O olhar do Ministério da Educação de Angola (MED), desde então, tem sido menos positivo. Face ao fraco desempenho do setor da Educação em termos quantitativos e qualitativos, provocados por vários fatores, endógenos e exógenos, a Primeira Reforma não pôde sustentar a demanda do analfabetismo que se proliferava e a fraca qualidade de ensino, e a necessidade de uma nova revisão ou atualização curricular era urgente. O MED revela que, para atenuar o fraco poder de absorção da rede escolar, “[…] foram criados o horário triplo e as turmas pletóricas, com mais de sessenta a oitenta alunos na mesma sala de aula” (ANGOLA, 2001, p. 4).

CONSIDERAÇÕES FINAIS

Em síntese, pode-se concluir que, no sistema educativo do período colonial, o analfabetismo é visto como natural, intrínseco ao angolano autóctone. A partir dessa perspectiva, a educação do Ensino Primário era reservada somente àqueles sujeitos que poderiam ser capazes de “assimilar” todo ou qualquer conhecimento formal e científico. Outrossim, nesse discurso colonial, o analfabeto só passa a ser reconhecido como sujeito a partir do ano de 1926, com o Estatuto do Indigenato. Com a produção dos novos conhecimentos das primeiras reformas do sistema educativo, após a independência e, consecutivamente, com a invenção da noção de novas perspectivas de sujeitos, o analfabetismo é inserido em uma campanha educativa, cuja agenda consistia na sua eliminação. O analfabetismo era tratado como elemento impeditivo para o progresso e desenvolvimento da nação — seja lá o que isso significasse.

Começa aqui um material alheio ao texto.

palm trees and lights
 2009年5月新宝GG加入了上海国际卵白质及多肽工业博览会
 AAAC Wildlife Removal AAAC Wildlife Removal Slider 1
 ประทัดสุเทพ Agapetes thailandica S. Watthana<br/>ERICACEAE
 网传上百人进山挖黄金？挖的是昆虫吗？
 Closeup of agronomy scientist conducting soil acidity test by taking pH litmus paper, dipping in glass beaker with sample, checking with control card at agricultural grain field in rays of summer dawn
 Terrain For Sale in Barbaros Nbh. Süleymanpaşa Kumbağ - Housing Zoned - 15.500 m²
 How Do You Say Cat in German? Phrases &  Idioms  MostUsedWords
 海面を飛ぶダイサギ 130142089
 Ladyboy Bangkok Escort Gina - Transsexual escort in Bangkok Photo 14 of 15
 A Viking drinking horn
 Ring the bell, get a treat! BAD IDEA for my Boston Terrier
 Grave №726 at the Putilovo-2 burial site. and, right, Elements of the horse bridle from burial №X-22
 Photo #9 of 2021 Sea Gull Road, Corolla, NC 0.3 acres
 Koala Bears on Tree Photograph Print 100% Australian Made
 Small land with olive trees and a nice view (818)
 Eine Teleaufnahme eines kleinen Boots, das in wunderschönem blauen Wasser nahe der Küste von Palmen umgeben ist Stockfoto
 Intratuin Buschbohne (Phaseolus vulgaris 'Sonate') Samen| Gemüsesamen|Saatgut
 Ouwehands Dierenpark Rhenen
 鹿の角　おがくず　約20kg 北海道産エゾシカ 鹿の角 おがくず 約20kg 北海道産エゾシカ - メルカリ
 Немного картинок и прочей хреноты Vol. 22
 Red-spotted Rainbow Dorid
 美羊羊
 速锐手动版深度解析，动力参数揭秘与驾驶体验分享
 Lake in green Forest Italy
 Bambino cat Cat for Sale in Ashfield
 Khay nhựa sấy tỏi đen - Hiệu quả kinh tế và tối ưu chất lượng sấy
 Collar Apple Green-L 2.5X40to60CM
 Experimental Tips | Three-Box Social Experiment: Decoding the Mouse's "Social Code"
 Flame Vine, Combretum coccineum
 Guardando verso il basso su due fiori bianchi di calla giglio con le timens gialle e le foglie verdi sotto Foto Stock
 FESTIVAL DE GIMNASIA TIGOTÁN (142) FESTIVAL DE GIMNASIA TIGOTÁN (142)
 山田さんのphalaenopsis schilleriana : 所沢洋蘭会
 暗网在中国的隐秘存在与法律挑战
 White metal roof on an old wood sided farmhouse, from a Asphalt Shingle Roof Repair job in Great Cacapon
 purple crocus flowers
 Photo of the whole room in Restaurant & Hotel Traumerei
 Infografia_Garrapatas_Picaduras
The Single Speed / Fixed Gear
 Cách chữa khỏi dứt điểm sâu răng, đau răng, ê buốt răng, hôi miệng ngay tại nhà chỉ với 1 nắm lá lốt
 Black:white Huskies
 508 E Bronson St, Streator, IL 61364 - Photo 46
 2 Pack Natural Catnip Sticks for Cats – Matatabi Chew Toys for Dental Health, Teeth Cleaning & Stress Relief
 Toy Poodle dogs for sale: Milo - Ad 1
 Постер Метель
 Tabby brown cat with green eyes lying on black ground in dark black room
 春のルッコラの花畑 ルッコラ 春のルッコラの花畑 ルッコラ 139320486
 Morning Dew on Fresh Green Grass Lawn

O sujeito da educação angolana passa a entrar num jogo de (in)visibilidade. Nos discursos coloniais, o sujeito é invisível e um mal a ser suprimido; aqui, por meio da continuidade do analfabetismo, o sujeito da educação era, dessa forma, mantido na sua própria natural ignorância. Já nas primeiras reformas, o analfabetismo se torna visível, mas para ser combatido. Além disso, a constituição do sujeito da educação angolana mediante a alfabetização era fabricada à base de um saber ideológico, munido de princípios e valores de cunho marxista-leninista. Outros fatores salientados, nessa primeira fase acerca da alfabetização como representação do sujeito, são alguns impasses que se tornam problemáticos no processo de invenção do angolano nesses dois breves períodos aqui traçados, tais como: os espaços limítrofes entre colonialismo e pós-colonialismo (FANON, 1979); a falta de cooperação e diálogo (KEBANGUILAKO, 2013) e a guerra civil (ANGOLA; MED, 2001).